# Exercise directions
Output exactly, with nothing added, the entries from the first line through the line with "One Meaningful Gift✨".

# Source records
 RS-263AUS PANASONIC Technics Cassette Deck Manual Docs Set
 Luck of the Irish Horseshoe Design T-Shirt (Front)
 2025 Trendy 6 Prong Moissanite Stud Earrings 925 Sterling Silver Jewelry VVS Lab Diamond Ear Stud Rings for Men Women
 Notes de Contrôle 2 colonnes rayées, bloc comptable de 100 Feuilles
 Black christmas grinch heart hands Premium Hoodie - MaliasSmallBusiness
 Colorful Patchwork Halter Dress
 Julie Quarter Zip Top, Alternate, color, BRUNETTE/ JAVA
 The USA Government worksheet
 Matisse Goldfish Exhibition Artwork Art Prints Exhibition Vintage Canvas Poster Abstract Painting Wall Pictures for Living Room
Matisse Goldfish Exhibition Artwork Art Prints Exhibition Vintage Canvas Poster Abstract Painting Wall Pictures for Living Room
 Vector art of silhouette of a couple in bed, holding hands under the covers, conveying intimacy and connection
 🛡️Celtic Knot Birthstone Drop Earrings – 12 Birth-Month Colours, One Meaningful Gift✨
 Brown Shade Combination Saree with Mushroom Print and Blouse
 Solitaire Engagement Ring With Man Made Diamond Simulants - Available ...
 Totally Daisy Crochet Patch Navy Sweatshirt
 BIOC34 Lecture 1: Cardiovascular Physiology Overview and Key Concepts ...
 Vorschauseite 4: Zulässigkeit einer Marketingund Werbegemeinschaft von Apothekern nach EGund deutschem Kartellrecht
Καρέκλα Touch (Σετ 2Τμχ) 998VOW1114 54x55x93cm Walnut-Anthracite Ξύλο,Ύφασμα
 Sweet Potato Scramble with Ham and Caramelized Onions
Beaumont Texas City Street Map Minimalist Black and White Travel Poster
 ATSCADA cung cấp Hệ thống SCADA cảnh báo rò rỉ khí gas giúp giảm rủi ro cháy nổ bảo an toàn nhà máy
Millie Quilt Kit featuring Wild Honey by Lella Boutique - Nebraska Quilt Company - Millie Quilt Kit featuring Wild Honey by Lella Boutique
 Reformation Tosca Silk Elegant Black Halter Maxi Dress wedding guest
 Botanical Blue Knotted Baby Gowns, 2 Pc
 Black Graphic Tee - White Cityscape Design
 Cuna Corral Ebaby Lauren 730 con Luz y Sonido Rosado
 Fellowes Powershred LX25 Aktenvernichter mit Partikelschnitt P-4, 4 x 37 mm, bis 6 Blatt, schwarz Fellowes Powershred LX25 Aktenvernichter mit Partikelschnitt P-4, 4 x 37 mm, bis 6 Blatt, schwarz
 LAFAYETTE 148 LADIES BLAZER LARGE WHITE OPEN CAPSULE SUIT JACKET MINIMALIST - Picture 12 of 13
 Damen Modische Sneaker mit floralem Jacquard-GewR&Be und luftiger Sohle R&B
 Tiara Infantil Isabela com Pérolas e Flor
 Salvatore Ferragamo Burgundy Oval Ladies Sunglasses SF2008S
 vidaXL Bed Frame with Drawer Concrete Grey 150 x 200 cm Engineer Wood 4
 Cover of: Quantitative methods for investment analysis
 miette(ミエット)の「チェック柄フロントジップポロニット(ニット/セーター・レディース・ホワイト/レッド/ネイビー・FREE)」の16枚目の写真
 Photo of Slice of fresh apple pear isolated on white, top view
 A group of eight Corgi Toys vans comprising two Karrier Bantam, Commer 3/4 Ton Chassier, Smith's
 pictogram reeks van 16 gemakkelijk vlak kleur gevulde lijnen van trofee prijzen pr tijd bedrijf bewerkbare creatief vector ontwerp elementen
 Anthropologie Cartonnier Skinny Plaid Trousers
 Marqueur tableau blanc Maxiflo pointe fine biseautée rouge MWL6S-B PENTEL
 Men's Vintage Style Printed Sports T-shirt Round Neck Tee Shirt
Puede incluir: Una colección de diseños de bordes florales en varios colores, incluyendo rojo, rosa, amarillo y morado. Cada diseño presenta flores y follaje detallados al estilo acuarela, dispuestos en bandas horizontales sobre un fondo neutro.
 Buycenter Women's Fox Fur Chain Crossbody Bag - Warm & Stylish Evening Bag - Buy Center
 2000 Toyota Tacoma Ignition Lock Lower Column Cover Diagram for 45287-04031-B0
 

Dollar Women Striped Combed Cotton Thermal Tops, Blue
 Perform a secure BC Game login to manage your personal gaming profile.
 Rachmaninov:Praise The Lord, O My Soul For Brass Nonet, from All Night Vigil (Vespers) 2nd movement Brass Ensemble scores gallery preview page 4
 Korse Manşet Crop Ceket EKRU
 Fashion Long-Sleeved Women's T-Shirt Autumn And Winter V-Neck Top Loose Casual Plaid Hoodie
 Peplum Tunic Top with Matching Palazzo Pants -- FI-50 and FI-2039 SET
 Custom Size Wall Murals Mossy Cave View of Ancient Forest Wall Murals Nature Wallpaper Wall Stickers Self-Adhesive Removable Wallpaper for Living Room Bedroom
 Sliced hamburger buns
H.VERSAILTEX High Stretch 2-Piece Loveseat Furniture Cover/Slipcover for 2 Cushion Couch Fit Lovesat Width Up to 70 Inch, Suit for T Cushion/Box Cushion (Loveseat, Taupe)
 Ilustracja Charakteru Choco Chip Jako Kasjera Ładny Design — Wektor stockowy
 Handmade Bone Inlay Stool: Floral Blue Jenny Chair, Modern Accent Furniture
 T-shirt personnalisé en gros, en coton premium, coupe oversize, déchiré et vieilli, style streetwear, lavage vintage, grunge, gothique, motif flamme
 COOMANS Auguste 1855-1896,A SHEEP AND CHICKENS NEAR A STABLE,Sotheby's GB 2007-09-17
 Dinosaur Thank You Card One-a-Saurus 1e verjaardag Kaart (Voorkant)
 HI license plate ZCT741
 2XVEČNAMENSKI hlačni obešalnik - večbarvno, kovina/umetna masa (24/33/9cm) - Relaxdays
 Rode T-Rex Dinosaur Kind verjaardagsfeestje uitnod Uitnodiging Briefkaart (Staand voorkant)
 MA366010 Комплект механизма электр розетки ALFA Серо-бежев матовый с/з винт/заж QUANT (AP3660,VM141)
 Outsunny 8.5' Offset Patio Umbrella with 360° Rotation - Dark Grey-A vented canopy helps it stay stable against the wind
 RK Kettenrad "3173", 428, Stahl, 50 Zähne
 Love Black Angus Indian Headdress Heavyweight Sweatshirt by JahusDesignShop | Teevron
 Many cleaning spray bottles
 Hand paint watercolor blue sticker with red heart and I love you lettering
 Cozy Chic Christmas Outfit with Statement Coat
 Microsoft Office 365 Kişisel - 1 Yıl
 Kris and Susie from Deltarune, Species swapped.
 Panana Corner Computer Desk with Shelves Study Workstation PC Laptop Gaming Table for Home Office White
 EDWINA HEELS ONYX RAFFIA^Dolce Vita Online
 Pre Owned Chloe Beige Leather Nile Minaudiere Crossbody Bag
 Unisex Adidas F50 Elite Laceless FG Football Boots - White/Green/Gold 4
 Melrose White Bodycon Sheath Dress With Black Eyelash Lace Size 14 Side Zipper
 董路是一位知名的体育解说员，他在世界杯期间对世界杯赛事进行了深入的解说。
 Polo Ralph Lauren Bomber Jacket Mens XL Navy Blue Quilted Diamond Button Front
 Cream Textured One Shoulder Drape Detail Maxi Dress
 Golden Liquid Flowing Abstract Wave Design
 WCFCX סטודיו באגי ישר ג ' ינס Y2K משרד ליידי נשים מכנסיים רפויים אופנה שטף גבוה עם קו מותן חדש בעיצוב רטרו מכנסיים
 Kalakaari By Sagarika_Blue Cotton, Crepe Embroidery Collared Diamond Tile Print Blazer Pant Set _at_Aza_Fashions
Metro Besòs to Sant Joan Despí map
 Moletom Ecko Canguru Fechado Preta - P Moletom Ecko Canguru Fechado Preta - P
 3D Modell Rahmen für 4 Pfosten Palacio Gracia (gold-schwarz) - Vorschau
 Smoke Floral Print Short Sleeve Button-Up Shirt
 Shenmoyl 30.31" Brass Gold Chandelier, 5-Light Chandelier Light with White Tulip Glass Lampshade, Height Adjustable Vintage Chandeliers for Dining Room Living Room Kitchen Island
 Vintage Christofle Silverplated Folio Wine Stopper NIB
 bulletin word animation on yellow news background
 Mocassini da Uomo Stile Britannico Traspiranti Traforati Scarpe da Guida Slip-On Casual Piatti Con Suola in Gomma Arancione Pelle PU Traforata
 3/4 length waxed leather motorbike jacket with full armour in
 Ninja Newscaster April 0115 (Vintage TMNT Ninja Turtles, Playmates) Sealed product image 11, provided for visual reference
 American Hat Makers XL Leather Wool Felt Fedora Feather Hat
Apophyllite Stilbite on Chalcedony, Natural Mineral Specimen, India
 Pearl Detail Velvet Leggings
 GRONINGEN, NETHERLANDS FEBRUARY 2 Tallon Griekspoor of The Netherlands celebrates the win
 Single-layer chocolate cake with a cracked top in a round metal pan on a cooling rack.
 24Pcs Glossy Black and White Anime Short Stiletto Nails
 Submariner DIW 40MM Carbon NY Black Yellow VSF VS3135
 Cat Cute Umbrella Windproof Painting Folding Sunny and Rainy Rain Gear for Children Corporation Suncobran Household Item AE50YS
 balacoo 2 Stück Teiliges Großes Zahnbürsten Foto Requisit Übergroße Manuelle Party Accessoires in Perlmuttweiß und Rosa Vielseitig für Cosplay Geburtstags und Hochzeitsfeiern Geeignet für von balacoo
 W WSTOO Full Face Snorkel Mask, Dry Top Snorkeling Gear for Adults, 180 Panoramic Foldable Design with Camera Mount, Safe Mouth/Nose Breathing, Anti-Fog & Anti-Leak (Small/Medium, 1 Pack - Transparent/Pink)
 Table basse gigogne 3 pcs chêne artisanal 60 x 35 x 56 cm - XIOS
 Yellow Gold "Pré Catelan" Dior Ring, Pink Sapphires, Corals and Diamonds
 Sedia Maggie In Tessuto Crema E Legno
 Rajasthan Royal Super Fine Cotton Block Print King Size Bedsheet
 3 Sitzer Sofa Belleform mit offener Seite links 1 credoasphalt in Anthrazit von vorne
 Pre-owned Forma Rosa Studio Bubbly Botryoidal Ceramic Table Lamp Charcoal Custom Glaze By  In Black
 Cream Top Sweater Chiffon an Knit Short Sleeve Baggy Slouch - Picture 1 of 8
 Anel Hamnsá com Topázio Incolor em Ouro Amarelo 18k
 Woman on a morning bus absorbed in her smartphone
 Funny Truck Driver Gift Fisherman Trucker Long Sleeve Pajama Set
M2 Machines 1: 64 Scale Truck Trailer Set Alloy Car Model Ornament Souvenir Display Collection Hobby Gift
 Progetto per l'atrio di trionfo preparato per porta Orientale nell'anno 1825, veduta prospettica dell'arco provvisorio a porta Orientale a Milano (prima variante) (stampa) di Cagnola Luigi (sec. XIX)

# Result
 RS-263AUS PANASONIC Technics Cassette Deck Manual Docs Set
 Luck of the Irish Horseshoe Design T-Shirt (Front)
 2025 Trendy 6 Prong Moissanite Stud Earrings 925 Sterling Silver Jewelry VVS Lab Diamond Ear Stud Rings for Men Women
 Notes de Contrôle 2 colonnes rayées, bloc comptable de 100 Feuilles
 Black christmas grinch heart hands Premium Hoodie - MaliasSmallBusiness
 Colorful Patchwork Halter Dress
 Julie Quarter Zip Top, Alternate, color, BRUNETTE/ JAVA
 The USA Government worksheet
 Matisse Goldfish Exhibition Artwork Art Prints Exhibition Vintage Canvas Poster Abstract Painting Wall Pictures for Living Room
Matisse Goldfish Exhibition Artwork Art Prints Exhibition Vintage Canvas Poster Abstract Painting Wall Pictures for Living Room
 Vector art of silhouette of a couple in bed, holding hands under the covers, conveying intimacy and connection
 🛡️Celtic Knot Birthstone Drop Earrings – 12 Birth-Month Colours, One Meaningful Gift✨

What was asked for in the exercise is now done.